[Crawled caption data]
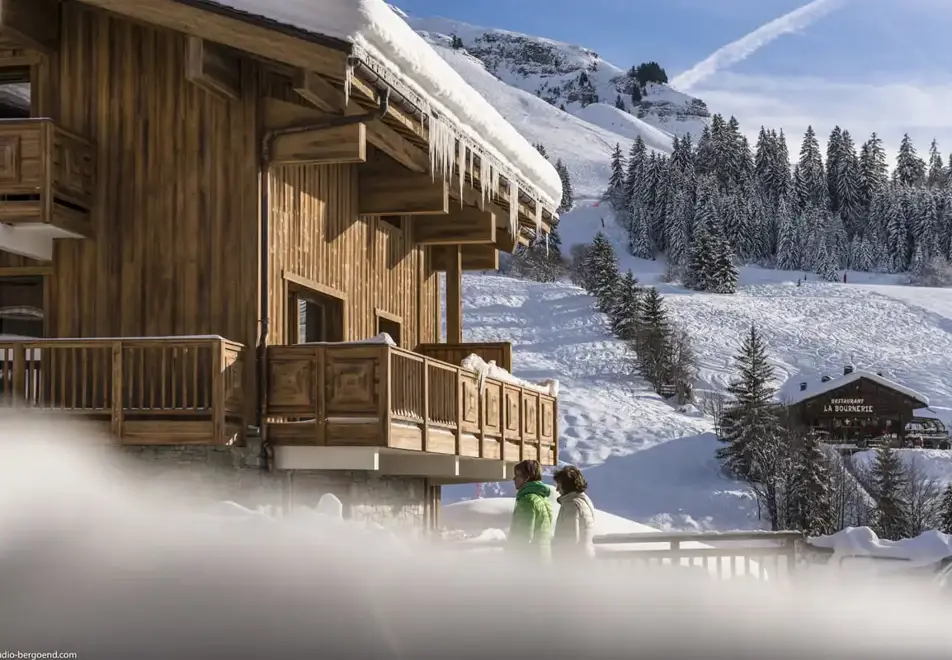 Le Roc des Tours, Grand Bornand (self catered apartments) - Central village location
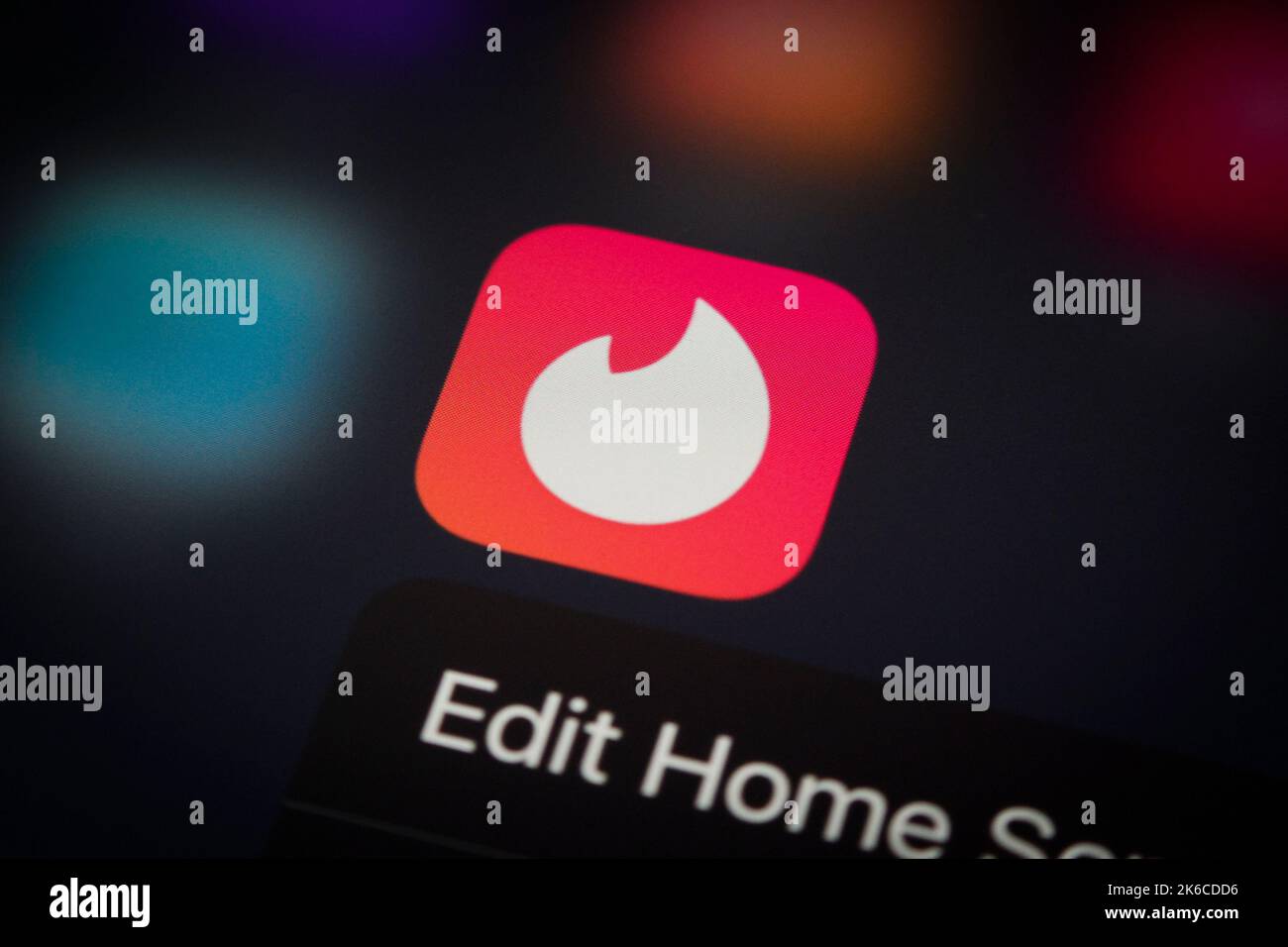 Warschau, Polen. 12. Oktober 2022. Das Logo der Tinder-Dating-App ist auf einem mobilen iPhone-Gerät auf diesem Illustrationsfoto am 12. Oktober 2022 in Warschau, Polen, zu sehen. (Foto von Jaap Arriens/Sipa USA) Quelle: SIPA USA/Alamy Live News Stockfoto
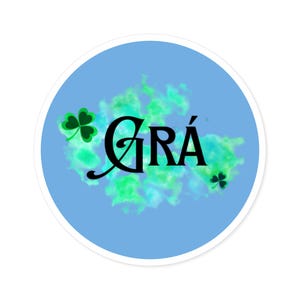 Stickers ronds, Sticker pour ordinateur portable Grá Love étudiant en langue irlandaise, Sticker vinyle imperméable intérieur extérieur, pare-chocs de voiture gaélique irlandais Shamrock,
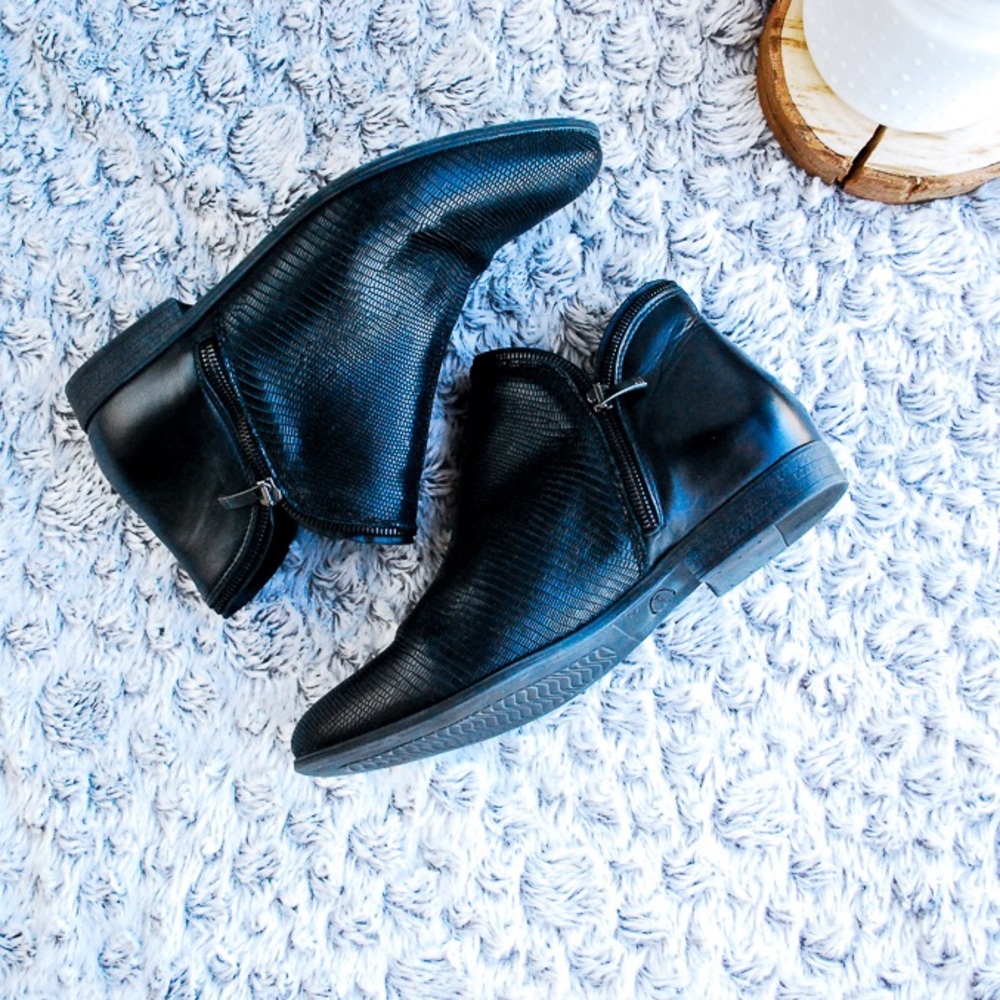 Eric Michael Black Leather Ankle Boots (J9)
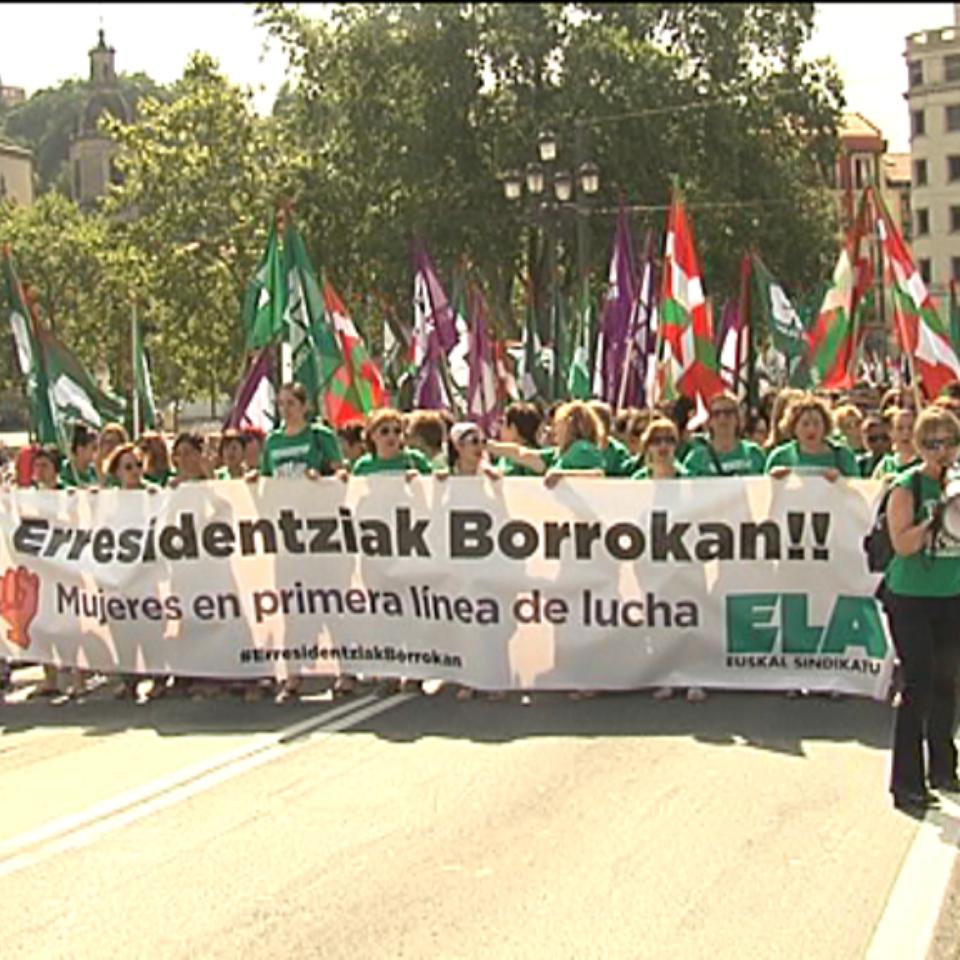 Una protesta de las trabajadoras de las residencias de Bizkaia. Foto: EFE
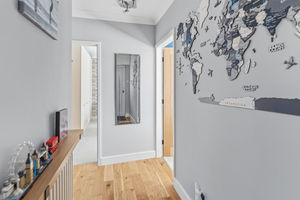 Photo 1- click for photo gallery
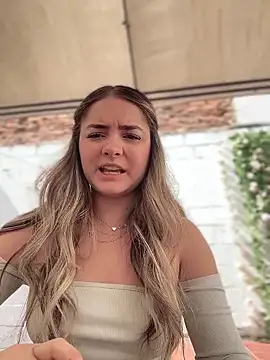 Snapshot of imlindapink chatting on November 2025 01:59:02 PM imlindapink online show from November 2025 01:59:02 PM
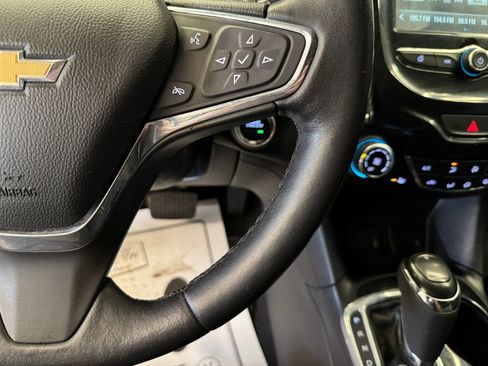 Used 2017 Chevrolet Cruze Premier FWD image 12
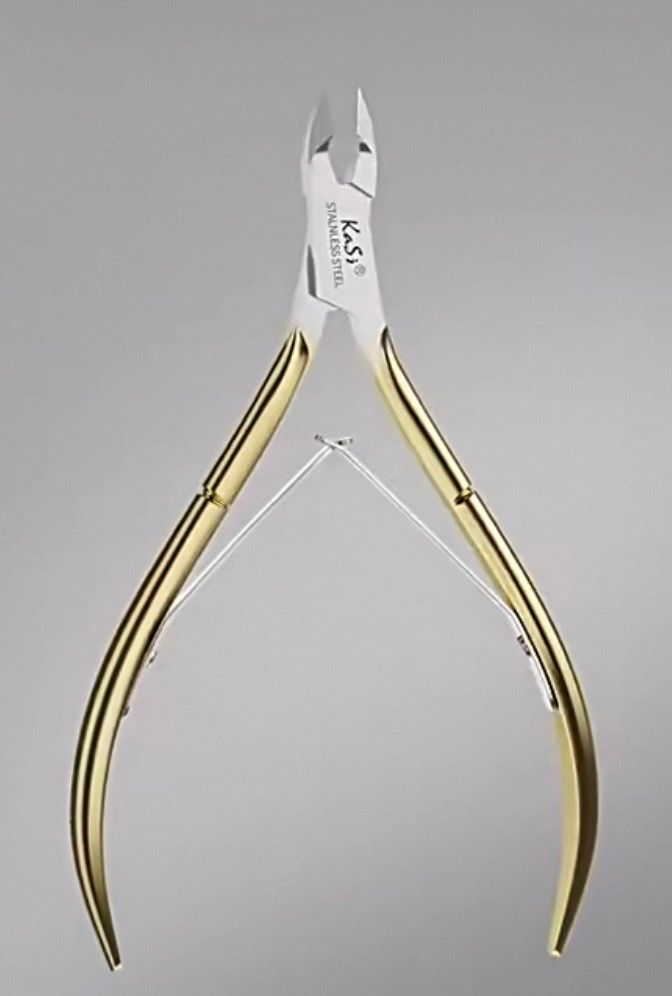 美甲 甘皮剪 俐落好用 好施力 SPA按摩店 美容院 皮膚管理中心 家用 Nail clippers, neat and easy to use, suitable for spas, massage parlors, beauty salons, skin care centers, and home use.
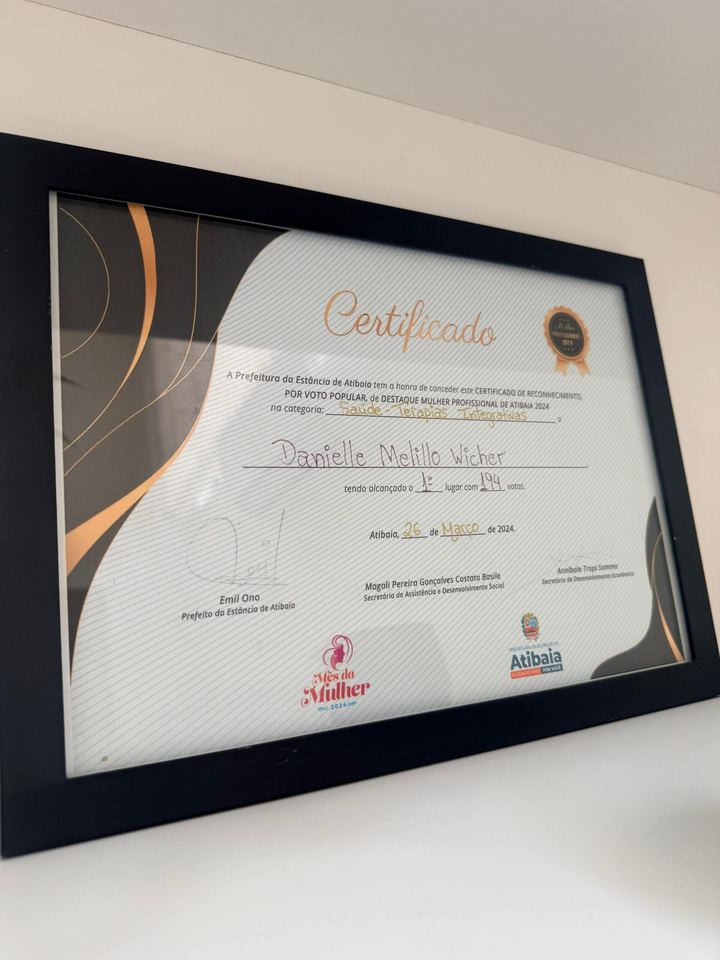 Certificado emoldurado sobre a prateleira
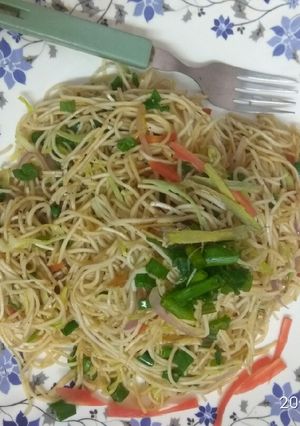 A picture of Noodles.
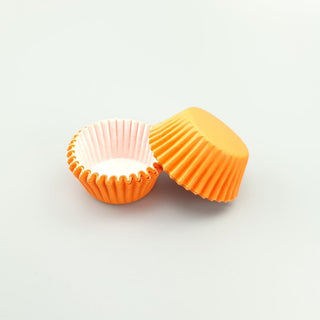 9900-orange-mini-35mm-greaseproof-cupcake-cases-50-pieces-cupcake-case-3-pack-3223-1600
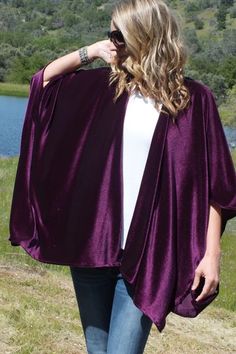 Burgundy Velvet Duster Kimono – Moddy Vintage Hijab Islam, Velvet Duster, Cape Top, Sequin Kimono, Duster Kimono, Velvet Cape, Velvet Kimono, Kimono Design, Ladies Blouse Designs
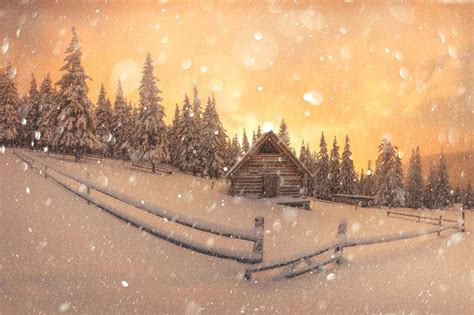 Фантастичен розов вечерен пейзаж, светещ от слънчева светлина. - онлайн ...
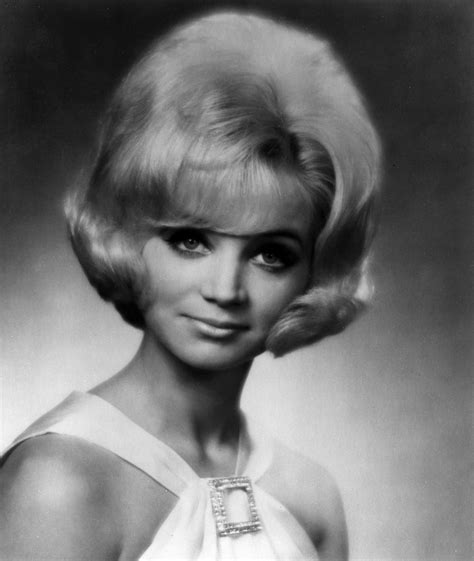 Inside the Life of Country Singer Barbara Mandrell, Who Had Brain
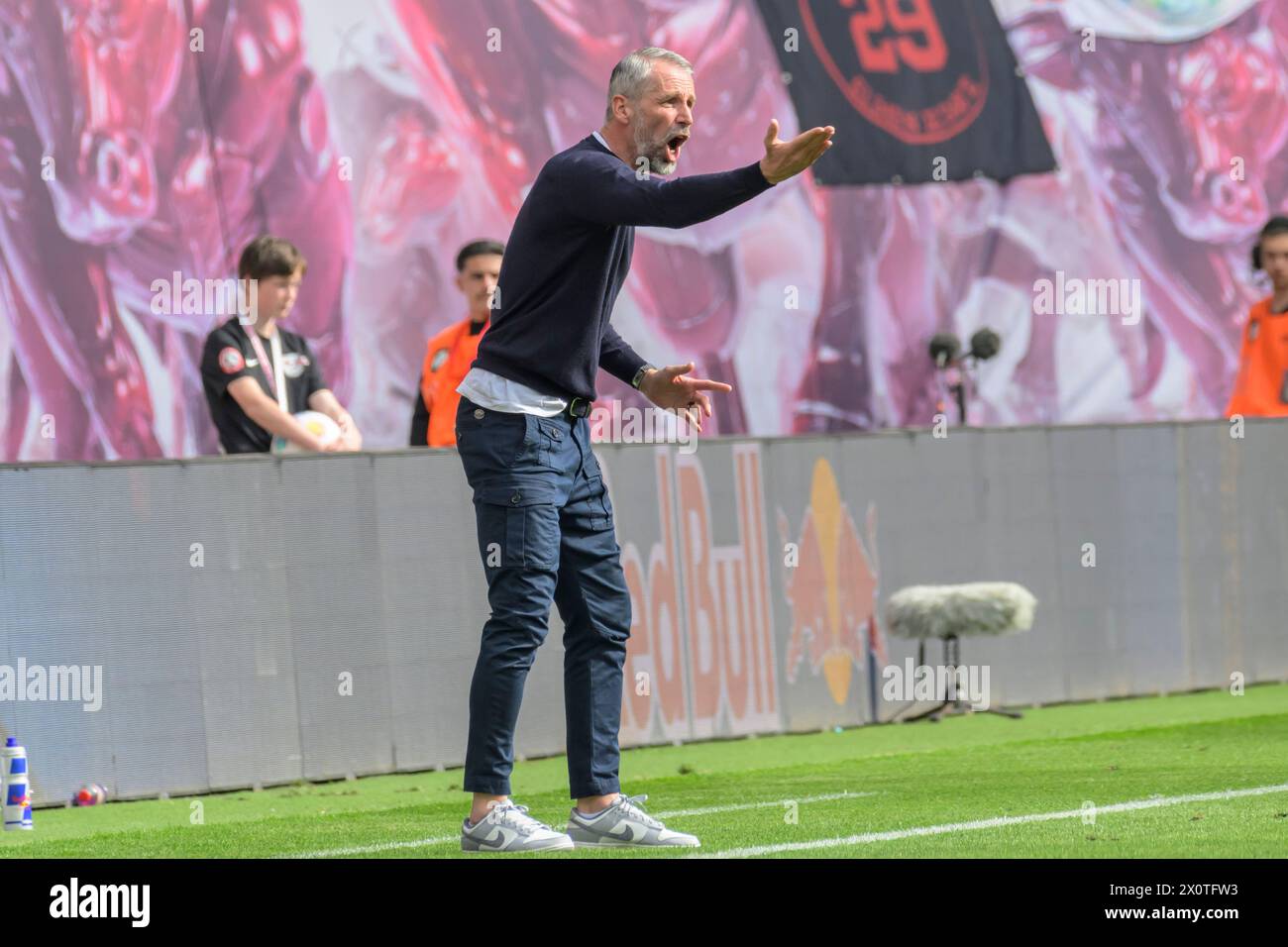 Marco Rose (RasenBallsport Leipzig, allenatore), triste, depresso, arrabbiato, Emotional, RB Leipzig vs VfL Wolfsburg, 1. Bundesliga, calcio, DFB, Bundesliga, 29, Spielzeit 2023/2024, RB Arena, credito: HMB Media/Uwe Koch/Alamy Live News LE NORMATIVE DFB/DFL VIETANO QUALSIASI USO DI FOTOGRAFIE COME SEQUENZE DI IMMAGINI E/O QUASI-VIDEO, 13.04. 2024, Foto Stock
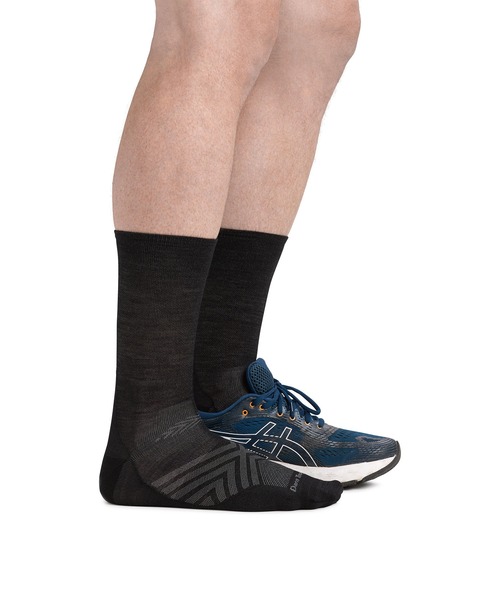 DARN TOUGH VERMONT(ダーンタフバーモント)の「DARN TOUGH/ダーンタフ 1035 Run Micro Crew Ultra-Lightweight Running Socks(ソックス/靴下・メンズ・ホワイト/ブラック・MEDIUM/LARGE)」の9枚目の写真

• **Required work**
Starting at the first line of the records and stopping after the line with "A picture of Noodles.", copy each line exactly; pictures stay out.

• **Written solution**
 Le Roc des Tours, Grand Bornand (self catered apartments) - Central village location
 Warschau, Polen. 12. Oktober 2022. Das Logo der Tinder-Dating-App ist auf einem mobilen iPhone-Gerät auf diesem Illustrationsfoto am 12. Oktober 2022 in Warschau, Polen, zu sehen. (Foto von Jaap Arriens/Sipa USA) Quelle: SIPA USA/Alamy Live News Stockfoto
 Stickers ronds, Sticker pour ordinateur portable Grá Love étudiant en langue irlandaise, Sticker vinyle imperméable intérieur extérieur, pare-chocs de voiture gaélique irlandais Shamrock,
 Eric Michael Black Leather Ankle Boots (J9)
 Una protesta de las trabajadoras de las residencias de Bizkaia. Foto: EFE
 Photo 1- click for photo gallery
 Snapshot of imlindapink chatting on November 2025 01:59:02 PM imlindapink online show from November 2025 01:59:02 PM
 Used 2017 Chevrolet Cruze Premier FWD image 12
 美甲 甘皮剪 俐落好用 好施力 SPA按摩店 美容院 皮膚管理中心 家用 Nail clippers, neat and easy to use, suitable for spas, massage parlors, beauty salons, skin care centers, and home use.
 Certificado emoldurado sobre a prateleira
 A picture of Noodles.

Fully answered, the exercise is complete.